Friday, April 02, 2004

BACKPACKERS. . .STRANGER AND STRANGER

I had a conversation with my guesthousemate about backpackers and he told me how he hated the whole culture of it: going to a new place, staying where other ex-pats stay and just hanging out with them. Where is the local culture and meaning of visiting a new place and learning about the culture? People arrive there and bombard each other with the same questions: where are you from, where have you been and where are you going? Kinda like the philosophical meaning of life---but not.

I have to admit I'm guilty of this as well, just to form bonds with people, to find people to travel with and to find out the best and cheapest way to get around. But I completely understand why being a naive traveller is negative. Perhaps it's better to go to a place for a purpose: to work to learn, volunteer and learn about the place itself, not to let another foreigner drink you under the table every night.

Yet there is something almost compelling of the backpacking scene---you get to meet all these interesting characters. From two young university student from Victoria riding their bike across Canada in a Halifax hostel to a Scottish man walking across Canada in three stages in Winnipeg, there is a magnetic force that attract freaky people to this cheap and easy form of accommodation. In South Africa, you find mostly Germans there (like you do with the interns and temp workers in general).

A VET IN MPUMALANGA

My weekend road trip to Mpumalanga province I took last week with two carloads of German embassy interns brought us to a backpackers in Graskop, just outside of Kruger National Park. Here, we met an interesting character. . .

His name is Richard from Kansas, Missouri. Born in South Africa, he immigrated to the lovely place of Minnesota, USA at the ripe age of 5. He wanted to be part of the Marine Corp since age 7. Part of the appeal was the uniform. He was able to realize his dream right after high school graduation and signed up for 4 years with them. During last year's War on Iraq, he was on the scene from Feb-May.
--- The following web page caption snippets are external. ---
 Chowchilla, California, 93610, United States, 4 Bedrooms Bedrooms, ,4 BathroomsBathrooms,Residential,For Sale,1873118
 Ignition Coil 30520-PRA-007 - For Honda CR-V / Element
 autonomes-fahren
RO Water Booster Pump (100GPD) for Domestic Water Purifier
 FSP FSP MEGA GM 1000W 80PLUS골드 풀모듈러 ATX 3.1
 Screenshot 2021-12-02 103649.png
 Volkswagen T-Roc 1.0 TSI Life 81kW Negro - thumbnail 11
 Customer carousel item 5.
The day he got back from Iraq, he met the girl of his dreams. Less than a year later, he has been engaged and broken up with her. He was in Mpumalanga participating in a 30k bike race. He is currently studying opera with his dad's old voice teacher. He wants to do a bachelor's in music when he returns to the states, hopefully in Julliard.
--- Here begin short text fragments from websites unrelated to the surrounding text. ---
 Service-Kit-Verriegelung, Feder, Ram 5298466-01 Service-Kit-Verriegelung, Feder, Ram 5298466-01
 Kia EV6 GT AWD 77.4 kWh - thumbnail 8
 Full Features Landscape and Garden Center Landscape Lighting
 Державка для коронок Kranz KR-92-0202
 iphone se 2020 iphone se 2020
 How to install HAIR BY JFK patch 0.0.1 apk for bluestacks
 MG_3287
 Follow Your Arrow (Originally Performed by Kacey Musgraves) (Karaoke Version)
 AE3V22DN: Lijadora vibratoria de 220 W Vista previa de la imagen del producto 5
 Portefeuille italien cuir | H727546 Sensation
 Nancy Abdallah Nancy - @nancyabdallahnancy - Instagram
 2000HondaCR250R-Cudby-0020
He's pro-Bush and Pro-Republican, doesn't understand why people dislike Bush, dislikes Clinton and JFK, and hates Arabs ("In Thailand, they have this saying that when you face a rattlesnake and an Arab, you should rather turn your back on the snake cuz it will go away"). He told me not to trust the media since all US media is Liberal and anti-Bush, especially CNN.

"They brainwash you in the Marines," he told me. "They teach you that what civilians think is wrong."

Richard is 23 years old. I am v. scared.